Unifor announces bogus ‘job saving’ plan as GM moves to close Oshawa plant

In a March 19 announcement, Unifor President Jerry Dias stated that his union will suspend its Save Oshawa GM publicity campaign whilst Dias explores with General Motors avenues to slightly adjust the company’s 2019 plant closing schedule.

General Motors has targeted the Oshawa assembly plant for closure in the latter half of 2019 as part of a re-structuring program that will see 2,600 union jobs lost in Oshawa and another 12,500 white collar and production jobs cut and four plants closed in the United States.

The discussions, however, will not alter GM’s plan to shutter its Oshawa, Ontario, assembly plant. As Dias wrote, “While it is clear to the union that GM has no intention of extending vehicle manufacturing beyond December of 2019, we are examining the potential to transform operations so as to maintain a base level of hourly employment. The parties have agreed to continue talks over the next few weeks and Unifor’s priority is to save as many jobs as possible in Oshawa.”

On Thursday, GM Canada’s vice president of corporate affairs, David Patterson, explained that the discussions with Unifor are largely related to adjustments recently announced in the closure schedule for Detroit’s Hamtramck assembly plant. Earlier this month, GM said it was “balancing production timing” on the Cadillac CT6 built at the Hamtramck facility and will also temporarily continue production of the Chevrolet Impala. This would keep the plant open until January 2020 instead of closing it this month as previously scheduled. Production of the Buick LaCrosse and Chevrolet Volt in Detroit has already ended while GM’s Lordstown, Ohio, assembly plant was closed March 8.

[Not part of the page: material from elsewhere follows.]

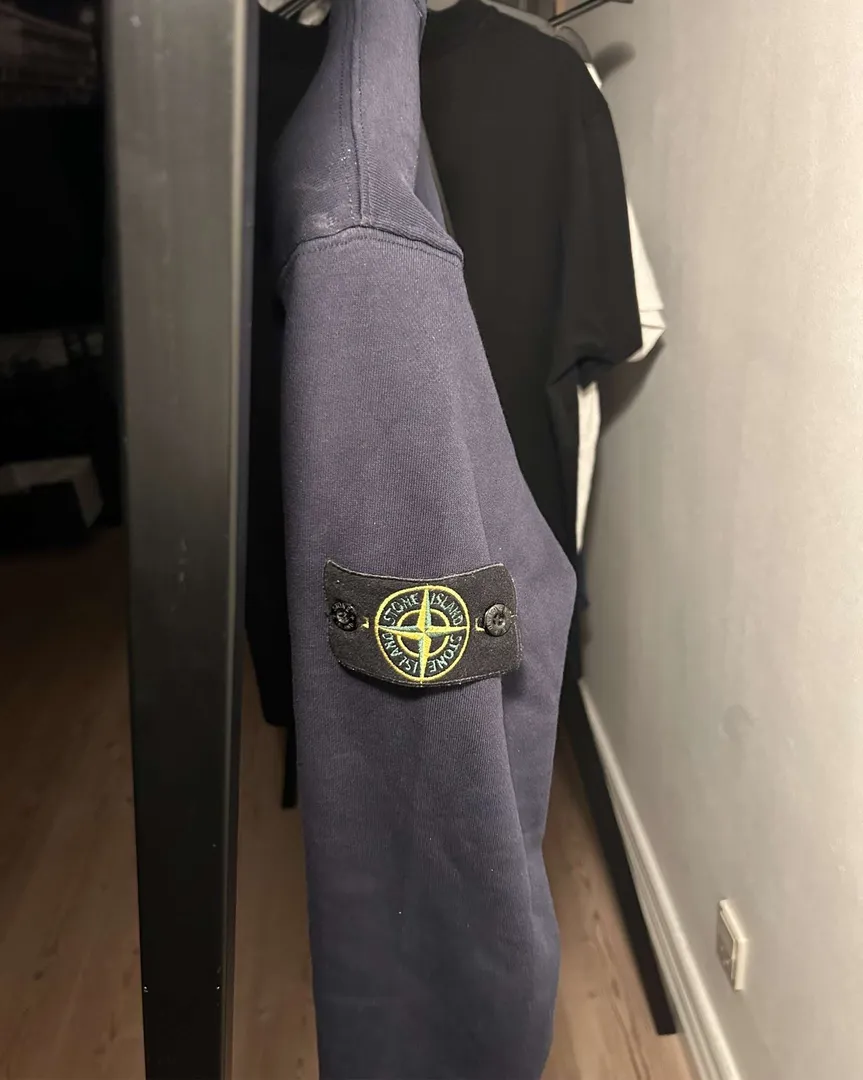 Stone island sweater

There will be “some modest Oshawa job and work upside in the second half of this year because Oshawa does some stamping work for the Detroit Hamtramck plant,” said Paterson. It is estimated that several hundred workers in Oshawa could be affected by this extension, leaving over 2,000 workers without a job at the assembly plant and thousands more permanently idled in the Ontario auto parts industry. Alongside, the temporary extension of stamping work, Dias hopes to arrange for agreements on a small skeleton crew for facility and truck bay maintenance and additional early retirement buyouts.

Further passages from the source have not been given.